Scott in the hospital with the Anderson tube coming out of his nose, which he hated.

It was a challenging time for us.  Because of the painkillers, Scott was really out of it and barely remembered anything about the hospital; his personality seemed gone. I had to find babysitters to go visit him or else I had to take two small boys to a hospital room where they really couldn't do anything but get in trouble. I didn't have my usual best friend to talk to about things since Scott was so sick. People would ask me how they could help but it was usually much easier if they just did something they thought would be helpful. Offering to babysit was not that helpful unless they could come to our apartment so the children's schedules weren't totally disrupted.

A Halloween party not long after Scott's hospital stay. I can't remember what David wanted his costume to be. Something he imagined I think.

Finally after losing about 20 pounds but feeling better, Scott came home.  His graduate advisor was very nice and told him not to worry about coming back in to do research until he felt a lot better--he also came to visit Scott a couple of times and he and his wife brought us a meal.  A friend in our ward loaned us their video cassette player so we could watch movies during his recovery--all we had was a small black and white TV.  Recovery was a little slow.  Because the surgeons thought maybe he had an ulcer they started cutting up by his stomach and then cut down to his appendix when they realized what the problem was.  It was a huge wound and they left it open so the infection could come out as he healed--with a ruptured appendix, the infection spreads throughout your abdominal cavity. Fortunately Scott could change that dressing himself.

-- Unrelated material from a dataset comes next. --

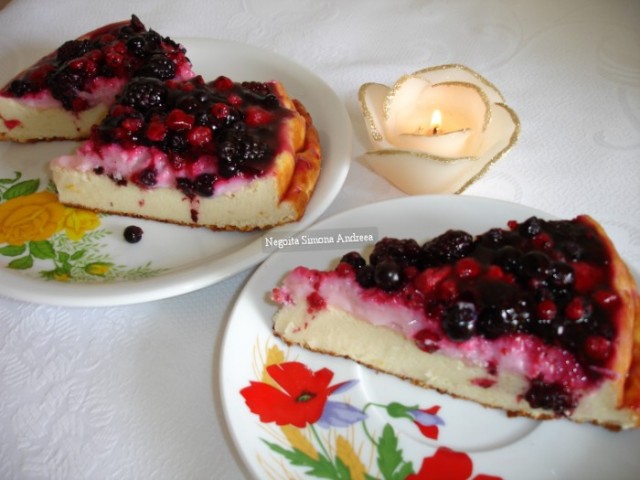 Tarta cu fructe de padure si crema de capsuni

A few weeks after he came home, he felt a lot of pain and ended up going to the emergency room a few times.  They didn't find anything wrong but told him it was probably scar tissue causing the pain. Eventually that stopped with the help of some priesthood blessings. The first time Scott went back to church everyone told him how terrible he looked. He was actually thinking how much better he felt.



Right around this time, Jan was learning to walk. David loved to try to ride him and generally drive us crazy.

My mother came to visit (an already planned visit) for a few days a few weeks after Scott's hospital stay when she traveled to Minnesota with my father for a conference.  We still have that couch but fortunately not my hairstyle. Perms were the thing back then.

This is Jan emptying a Kleenex box on the couch.

Jan learning to walk--he was very cute.


The most amazing part of this experience was that it didn't cost us a penny.  Scott had really good health insurance as a research assistant at the university and we had no co-pay at all. It could have been financially devastating but fortunately we had insurance. The moral to the story--always have health insurance.